Neuf organisations agricoles, coopératives, agroalimentaires et industrielles de la région Grand Est ont appelé, le 25 août à Reims (Marne), à la suspension de l’éco-contribution poids lourds mise en place par la collectivité d’Alsace. Elles affirment que celle-ci aboutira à ce que le consommateur final paie plus cher les produits alimentaires issus des filières locales.

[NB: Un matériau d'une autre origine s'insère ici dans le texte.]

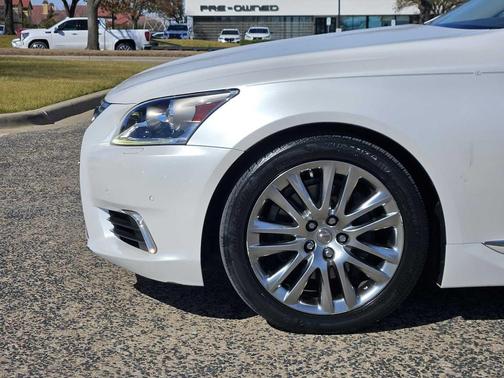 2016 Lexus LS 460 Base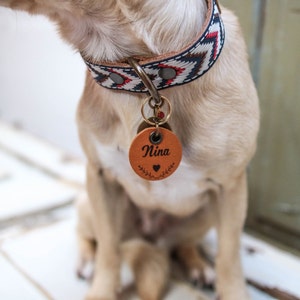 Leren hondenpenning. Hond-ID-tag. Gepersonaliseerde hondenlabels. Tag-identificatie. Leren halsband. Naamplaatje voor huisdier. Gegraveerd hondenplaatje. Plantaardig gelooid label afbeelding 8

Ce que ces chargeurs appellent l’éco-contribution, c’est l’écotaxe baptisée taxe R-Pass, qui va entrer en vigueur le 1er janvier 2027 dans la collectivité européenne d’Alsace. La conférence de presse du 25 août intervenait alors que le gouvernement a publié, fin juillet, les barèmes de coût kilométrique pour les transporteurs routiers et les sanctions contre ceux qui ne paieraient pas, applicables dans toutes les régions de France.
L’Alsace, un précurseur
En matière de nouvelle écotaxe, la collectivité européenne d’Alsace fait office de précurseur. Tandis que la région Grand Est gère 525 km de routes nationales, l’Alscace souhaite créer une nouvelle taxe de 0,15 €/km pour les poids lourds. C’est pour l’heure la seule collectivité de France à s’être engagée dans cette expérimentation. Pensée pour faire payer le transit international, cette éco-contribution calculée en fonction de la distance parcourue créera de fait une distorsion de concurrence inter-régions, et impactera les entreprises du territoire.
« L’Eco-contribution poids lourds viendra éroder davantage la compétitivité du secteur agroalimentaire et alourdira le panier des consommateurs désireux de consommer local, soulignent les organisateurs de la conférence. Cet impôt régional affectera toute la chaîne de valeur. Paradoxalement les produits alimentaires importés seront moins taxés, ils seront donc plus attractifs pour les consommateurs ».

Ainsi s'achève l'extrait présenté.